Supplied data
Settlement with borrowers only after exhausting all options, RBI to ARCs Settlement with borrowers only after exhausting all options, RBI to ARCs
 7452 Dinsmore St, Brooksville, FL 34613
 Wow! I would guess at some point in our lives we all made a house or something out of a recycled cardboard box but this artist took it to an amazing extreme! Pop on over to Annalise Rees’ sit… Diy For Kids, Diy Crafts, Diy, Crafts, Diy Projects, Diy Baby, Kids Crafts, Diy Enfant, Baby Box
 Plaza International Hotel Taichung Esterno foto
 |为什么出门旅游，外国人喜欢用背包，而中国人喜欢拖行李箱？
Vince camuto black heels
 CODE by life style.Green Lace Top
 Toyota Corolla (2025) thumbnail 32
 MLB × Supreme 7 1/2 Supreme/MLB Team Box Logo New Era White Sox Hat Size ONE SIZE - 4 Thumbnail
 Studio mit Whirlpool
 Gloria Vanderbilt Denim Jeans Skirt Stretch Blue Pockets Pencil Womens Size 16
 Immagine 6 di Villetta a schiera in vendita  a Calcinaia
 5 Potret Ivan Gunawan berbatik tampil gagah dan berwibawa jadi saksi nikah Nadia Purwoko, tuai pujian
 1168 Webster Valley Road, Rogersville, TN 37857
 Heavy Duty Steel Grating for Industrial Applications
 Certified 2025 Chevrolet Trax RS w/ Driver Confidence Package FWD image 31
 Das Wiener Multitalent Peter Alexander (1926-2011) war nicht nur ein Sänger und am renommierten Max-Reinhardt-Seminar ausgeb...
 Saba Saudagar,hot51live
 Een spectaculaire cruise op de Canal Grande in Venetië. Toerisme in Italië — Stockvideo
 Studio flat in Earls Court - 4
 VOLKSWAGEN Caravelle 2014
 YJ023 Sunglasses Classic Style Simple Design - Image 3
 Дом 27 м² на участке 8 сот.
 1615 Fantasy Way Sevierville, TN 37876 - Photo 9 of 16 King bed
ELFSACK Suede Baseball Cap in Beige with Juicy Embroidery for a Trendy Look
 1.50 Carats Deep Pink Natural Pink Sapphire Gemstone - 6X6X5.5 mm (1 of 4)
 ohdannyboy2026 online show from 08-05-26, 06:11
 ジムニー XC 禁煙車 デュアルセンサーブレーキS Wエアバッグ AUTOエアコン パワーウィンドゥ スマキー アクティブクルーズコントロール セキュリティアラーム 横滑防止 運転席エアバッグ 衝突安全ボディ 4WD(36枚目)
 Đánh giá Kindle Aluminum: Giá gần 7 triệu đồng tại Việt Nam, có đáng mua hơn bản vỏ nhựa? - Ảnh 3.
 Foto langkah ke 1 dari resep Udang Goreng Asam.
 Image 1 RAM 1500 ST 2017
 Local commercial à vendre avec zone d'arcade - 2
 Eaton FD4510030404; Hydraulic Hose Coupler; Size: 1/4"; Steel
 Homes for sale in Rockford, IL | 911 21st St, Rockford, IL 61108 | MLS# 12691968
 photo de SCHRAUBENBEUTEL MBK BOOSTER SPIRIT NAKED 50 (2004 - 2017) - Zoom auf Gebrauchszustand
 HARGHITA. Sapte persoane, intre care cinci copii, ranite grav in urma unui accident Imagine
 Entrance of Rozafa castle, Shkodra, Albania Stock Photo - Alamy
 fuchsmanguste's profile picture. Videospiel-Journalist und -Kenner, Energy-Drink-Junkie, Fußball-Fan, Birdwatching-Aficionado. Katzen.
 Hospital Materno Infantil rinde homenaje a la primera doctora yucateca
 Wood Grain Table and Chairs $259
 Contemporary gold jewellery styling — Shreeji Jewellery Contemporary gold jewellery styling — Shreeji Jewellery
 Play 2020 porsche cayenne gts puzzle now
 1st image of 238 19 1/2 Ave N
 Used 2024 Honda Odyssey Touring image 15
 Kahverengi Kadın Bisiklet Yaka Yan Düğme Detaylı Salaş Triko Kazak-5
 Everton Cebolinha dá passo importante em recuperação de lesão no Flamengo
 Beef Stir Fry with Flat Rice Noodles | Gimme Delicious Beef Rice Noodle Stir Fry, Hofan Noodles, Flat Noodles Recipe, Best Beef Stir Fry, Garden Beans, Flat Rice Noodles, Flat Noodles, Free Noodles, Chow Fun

Task instructions
An exact copy of every record is needed; write it out in full.

Exercise solution
Settlement with borrowers only after exhausting all options, RBI to ARCs Settlement with borrowers only after exhausting all options, RBI to ARCs
 7452 Dinsmore St, Brooksville, FL 34613
 Wow! I would guess at some point in our lives we all made a house or something out of a recycled cardboard box but this artist took it to an amazing extreme! Pop on over to Annalise Rees’ sit… Diy For Kids, Diy Crafts, Diy, Crafts, Diy Projects, Diy Baby, Kids Crafts, Diy Enfant, Baby Box
 Plaza International Hotel Taichung Esterno foto
 |为什么出门旅游，外国人喜欢用背包，而中国人喜欢拖行李箱？
Vince camuto black heels
 CODE by life style.Green Lace Top
 Toyota Corolla (2025) thumbnail 32
 MLB × Supreme 7 1/2 Supreme/MLB Team Box Logo New Era White Sox Hat Size ONE SIZE - 4 Thumbnail
 Studio mit Whirlpool
 Gloria Vanderbilt Denim Jeans Skirt Stretch Blue Pockets Pencil Womens Size 16
 Immagine 6 di Villetta a schiera in vendita  a Calcinaia
 5 Potret Ivan Gunawan berbatik tampil gagah dan berwibawa jadi saksi nikah Nadia Purwoko, tuai pujian
 1168 Webster Valley Road, Rogersville, TN 37857
 Heavy Duty Steel Grating for Industrial Applications
 Certified 2025 Chevrolet Trax RS w/ Driver Confidence Package FWD image 31
 Das Wiener Multitalent Peter Alexander (1926-2011) war nicht nur ein Sänger und am renommierten Max-Reinhardt-Seminar ausgeb...
 Saba Saudagar,hot51live
 Een spectaculaire cruise op de Canal Grande in Venetië. Toerisme in Italië — Stockvideo
 Studio flat in Earls Court - 4
 VOLKSWAGEN Caravelle 2014
 YJ023 Sunglasses Classic Style Simple Design - Image 3
 Дом 27 м² на участке 8 сот.
 1615 Fantasy Way Sevierville, TN 37876 - Photo 9 of 16 King bed
ELFSACK Suede Baseball Cap in Beige with Juicy Embroidery for a Trendy Look
 1.50 Carats Deep Pink Natural Pink Sapphire Gemstone - 6X6X5.5 mm (1 of 4)
 ohdannyboy2026 online show from 08-05-26, 06:11
 ジムニー XC 禁煙車 デュアルセンサーブレーキS Wエアバッグ AUTOエアコン パワーウィンドゥ スマキー アクティブクルーズコントロール セキュリティアラーム 横滑防止 運転席エアバッグ 衝突安全ボディ 4WD(36枚目)
 Đánh giá Kindle Aluminum: Giá gần 7 triệu đồng tại Việt Nam, có đáng mua hơn bản vỏ nhựa? - Ảnh 3.
 Foto langkah ke 1 dari resep Udang Goreng Asam.
 Image 1 RAM 1500 ST 2017
 Local commercial à vendre avec zone d'arcade - 2
 Eaton FD4510030404; Hydraulic Hose Coupler; Size: 1/4"; Steel
 Homes for sale in Rockford, IL | 911 21st St, Rockford, IL 61108 | MLS# 12691968
 photo de SCHRAUBENBEUTEL MBK BOOSTER SPIRIT NAKED 50 (2004 - 2017) - Zoom auf Gebrauchszustand
 HARGHITA. Sapte persoane, intre care cinci copii, ranite grav in urma unui accident Imagine
 Entrance of Rozafa castle, Shkodra, Albania Stock Photo - Alamy
 fuchsmanguste's profile picture. Videospiel-Journalist und -Kenner, Energy-Drink-Junkie, Fußball-Fan, Birdwatching-Aficionado. Katzen.
 Hospital Materno Infantil rinde homenaje a la primera doctora yucateca
 Wood Grain Table and Chairs $259
 Contemporary gold jewellery styling — Shreeji Jewellery Contemporary gold jewellery styling — Shreeji Jewellery
 Play 2020 porsche cayenne gts puzzle now
 1st image of 238 19 1/2 Ave N
 Used 2024 Honda Odyssey Touring image 15
 Kahverengi Kadın Bisiklet Yaka Yan Düğme Detaylı Salaş Triko Kazak-5
 Everton Cebolinha dá passo importante em recuperação de lesão no Flamengo
 Beef Stir Fry with Flat Rice Noodles | Gimme Delicious Beef Rice Noodle Stir Fry, Hofan Noodles, Flat Noodles Recipe, Best Beef Stir Fry, Garden Beans, Flat Rice Noodles, Flat Noodles, Free Noodles, Chow Fun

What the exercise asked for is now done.